It is pretty naive to dream stock goes up forever eventually. Even it could be true, anyone can only live limit amount of time. The time frame when you need money the most could be the time the market is way down. Retirees these years all have painful experience. Many people rush to CD, treasury and bond for safe heaven. But, I think we can do much better than that.
1. Open an account with option enabled, at least: covered call, long call/put and cash secured put.
2. When market runs up a lot and almost everyone expects it could go down, see S&P at 950 points, sell everything and keep it in cash.
3. When market come down, see S&P below 750 points, it is time to buy. But, you might be too scared to death to buy anything at that time, which is normal.

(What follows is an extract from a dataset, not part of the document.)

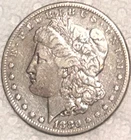 1880 S Morgan circulated w/good features & eye appeal decent luster free ship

4. Instead of buying anything, you can go ahead sell SPY DEC 2010 70 puts if you believe S&P can go above 700 points by DEC 2010. If you want to take more risk, yo can sell SPY DEC 2010 90 puts (Consider S&P was as high as 1500 points, 900 points in two years is reasonable).
5. Now, you receive cash premium immediately and you can use it to do whatever you want. Use it to buy CD, or withdraw it to pay your bill, etc.
6. The original principal in your account becomes the collateral for your underwriting put and it is put into money market account (Fidelity calls it cash reserve fund) to generate interest. But, you cannot touch it until DEC 2010, which is good thing because it prevents you doing anything stupid.
Mr. Buffett did exactly the same thing and he did it when S&P was still at 1300 points. Even we do it now, which I actually think we should do it when S&P below 750, we still have lots of safty coushion. You might think this approach might be too conservative and it could miss the opportunity. Well, 300 points for a year is a lot for S&P if it is not the best in history.